After 2-3 retries, inform user to try again later
Do not retry more than 5 times

if error_code == "AGENT_OFFLINE":
    # Retry with exponential backoff
    for attempt in range(3):
        await asyncio.sleep(2 ** (attempt + 1))  # 2s, 4s, 8s
        result = await send_event(ws, agent_id, thread_id, payload)
        if result.get("type") != "error":
            break

Possible causes:

Agent server crashed or went offline
Network connectivity issue between agent and Relay
Agent is being redeployed
Agent reached max concurrent connections

What the user sees: "Athena is currently offline. Please try again in a moment."

NOT_ALLOWED

When it occurs: Your app is not allowlisted for this agent.

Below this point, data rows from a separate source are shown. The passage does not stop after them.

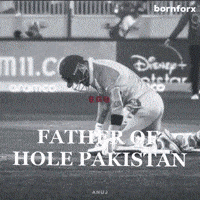 Virat Kohli Cricket GIF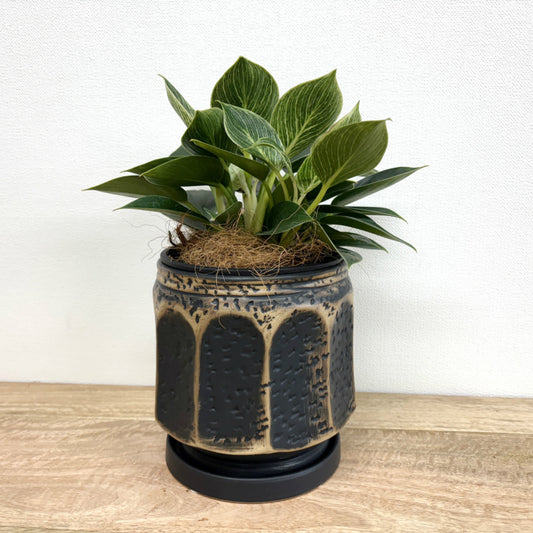 フィロデンドロン・バーキン L + GP118-180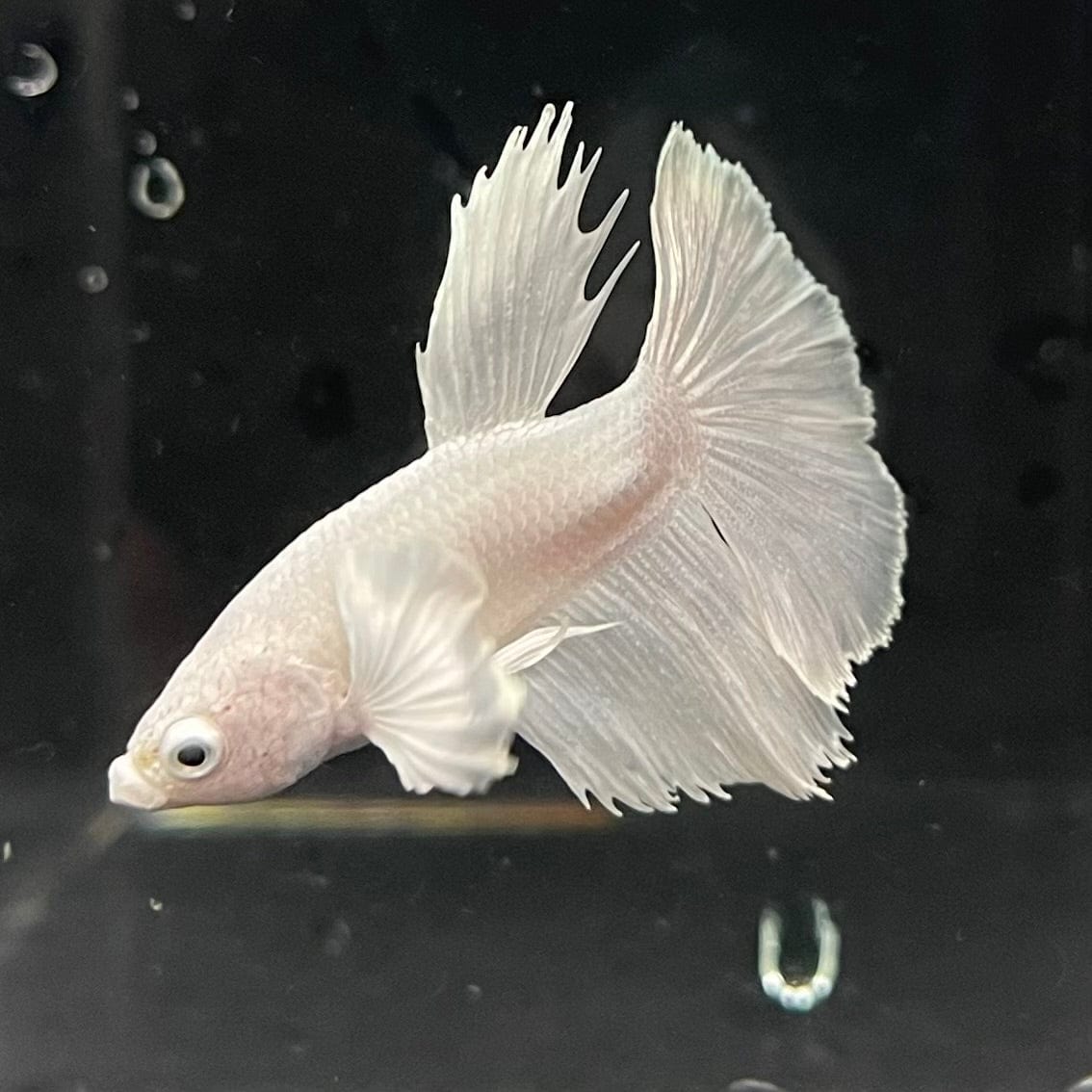 the-fish-farm Premium Male Betta Platinum Halfmoon Premium Male Betta - One Only - 3 Choose from our range of Platinum Male Betta - The Fish Farm Australia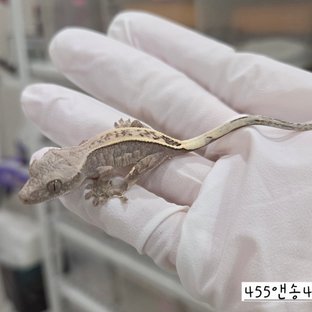 455앤송4a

HTTP Status: 403 (Forbidden)

Is it retryable? No

Recommended action:

Do NOT retry
Log as a permission error with app_id and agent_id
Disable the agent in your UI
Show user: "This agent is not available for your organization"
Contact your Relay admin to request allowlist access

if error_code == "AGENT_NOT_ALLOWED":
    logger.error(f"Permission denied: {app_id} not allowed for {agent_id}")
    print("Contact your admin to enable access to this agent")
    # Disable agent in UI
    disable_agent_button()

Possible causes:

Agent operator has allowlist enabled but didn't add your app
Your app was removed from allowlist
Wrong agent_id specified

What the user sees: "You don't have access to this agent. Contact your administrator."

AGENT_TIMEOUT

When it occurs: The agent took too long to respond (exceeded timeout window).

HTTP Status: 504 (Gateway Timeout)

Is it retryable? Maybe

Recommended action:

Retry once after 2-5 seconds
If it times out again, escalate to infrastructure team
Limit total retry attempts to 1-2
Show user: "Agent is slow. Please try again."

if error_code == "AGENT_TIMEOUT":
    # Retry once
    await asyncio.sleep(3)
    result = await send_event(ws, agent_id, thread_id, payload)

    if result.get("code") == "AGENT_TIMEOUT":
        # Failed twice, give up
        return {"error": "Agent is not responding", "user_message": "Please try again in a moment"}

Possible causes:

Agent is overloaded with other requests
Agent's AI model is slow (large response)
Agent crashed or hung mid-processing
Network latency

What the user sees: "Athena is taking longer than expected. Please try again."

PAYLOAD_TOO_LARGE

When it occurs: Your event payload exceeds the 64KB limit.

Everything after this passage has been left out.